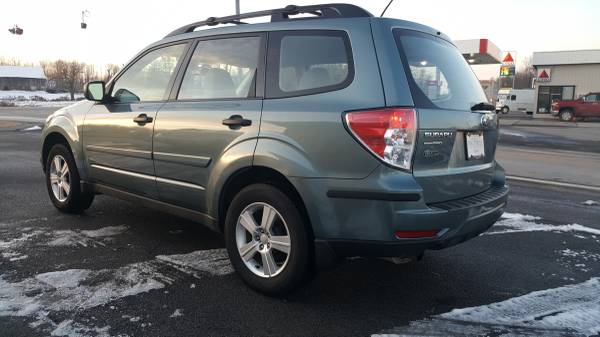 2011 SUBARU FORESTER: 4 CYL, AWD, SERVICED + CERTIFIED, 6 MOS... for sale in Prospect, NY – photo 2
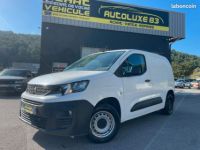 Peugeot Partner 1.5 bluehdi 100 cv 3 places garantie TVA RECUPERABLE - <small></small> 10.750 € <small>TTC</small> - #1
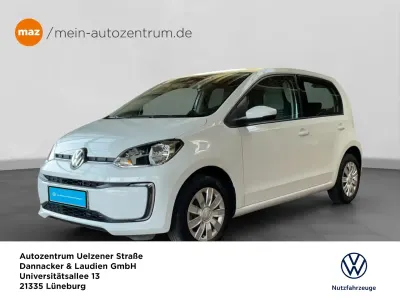 Gebraucht VW e-up! move up! 61 kW (83 PS) 2021 Kleinwagen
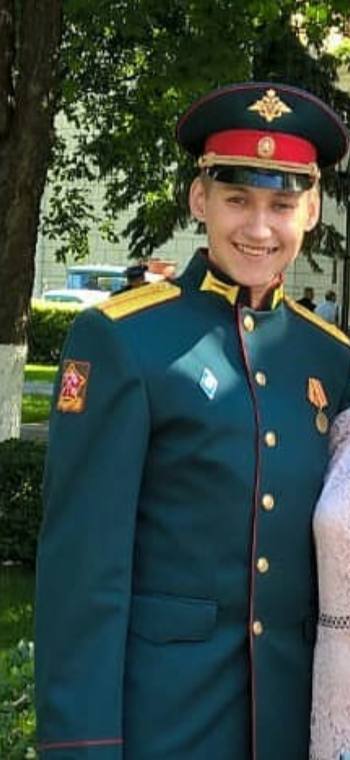 Фотография Рогов Андрей Владимирович, погибший солдат СВО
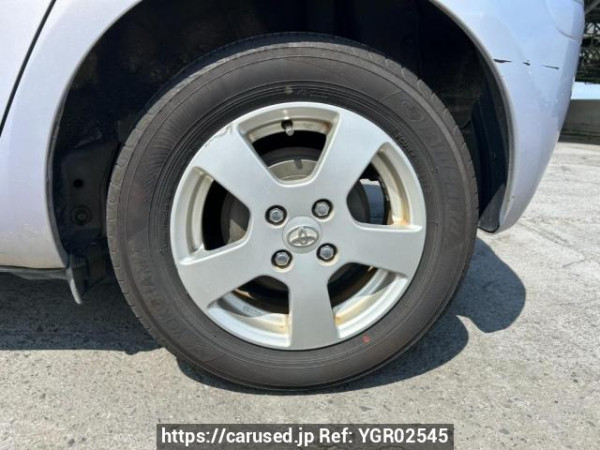 Used 2009 AT toyota vitz KSP90 Image[31]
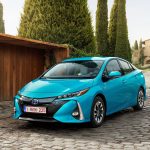 اتومبیل Toyota Prius Plug-in Hybrid 2018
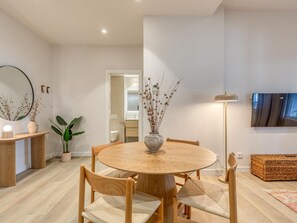 Dining - Modern apartment in Estepona marina (Estepona)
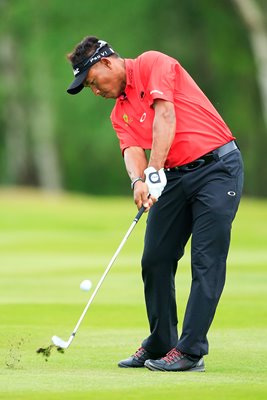 Thongchai Jaidee PGA Championship Wentworth 2015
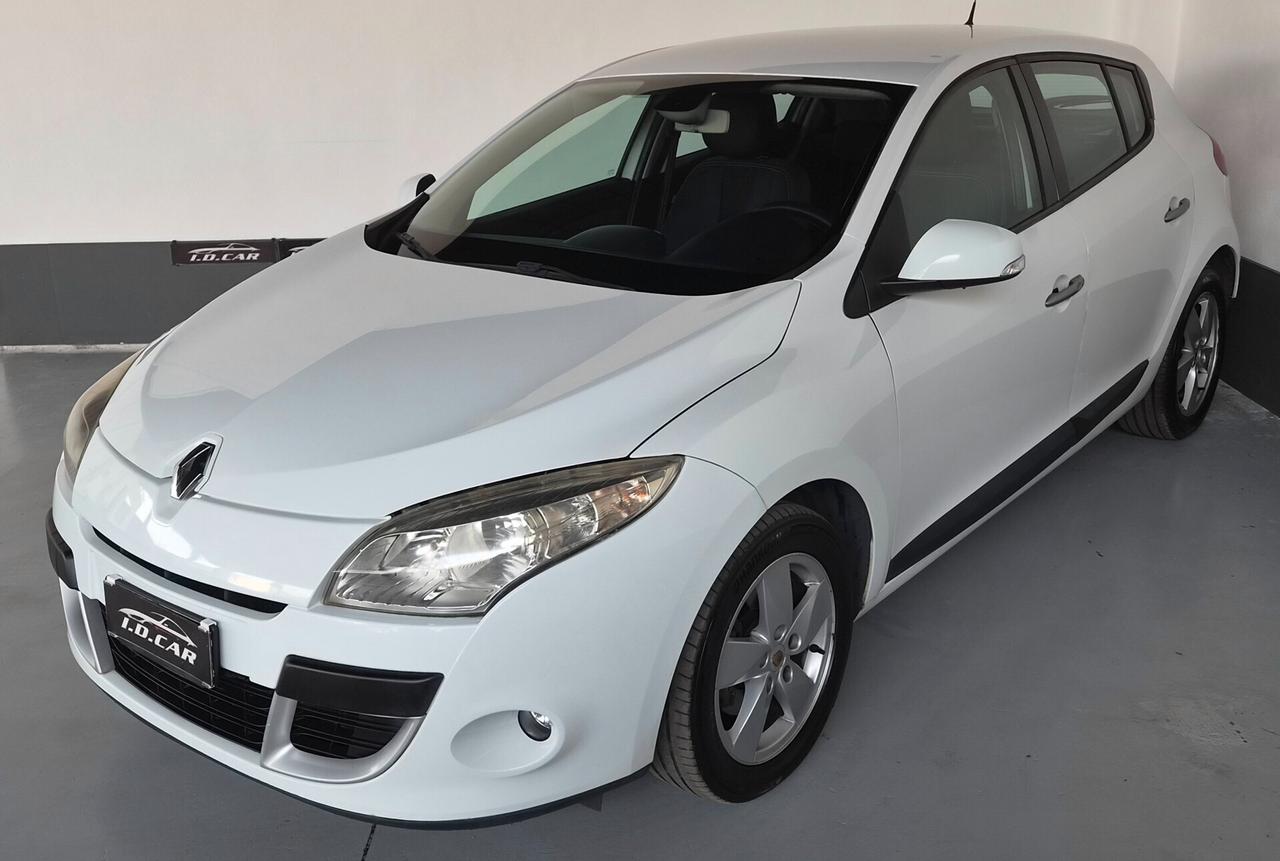 Renault Megane Mégane 1.5 dCi 110CV Luxe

# # #

PROBLEM.
Keeping pictures out, repeat exactly the lines from the one containing "Dining - Modern" through the end of the listing.

COMPLETED TASK.
 Dining - Modern apartment in Estepona marina (Estepona)
 Thongchai Jaidee PGA Championship Wentworth 2015
 Renault Megane Mégane 1.5 dCi 110CV Luxe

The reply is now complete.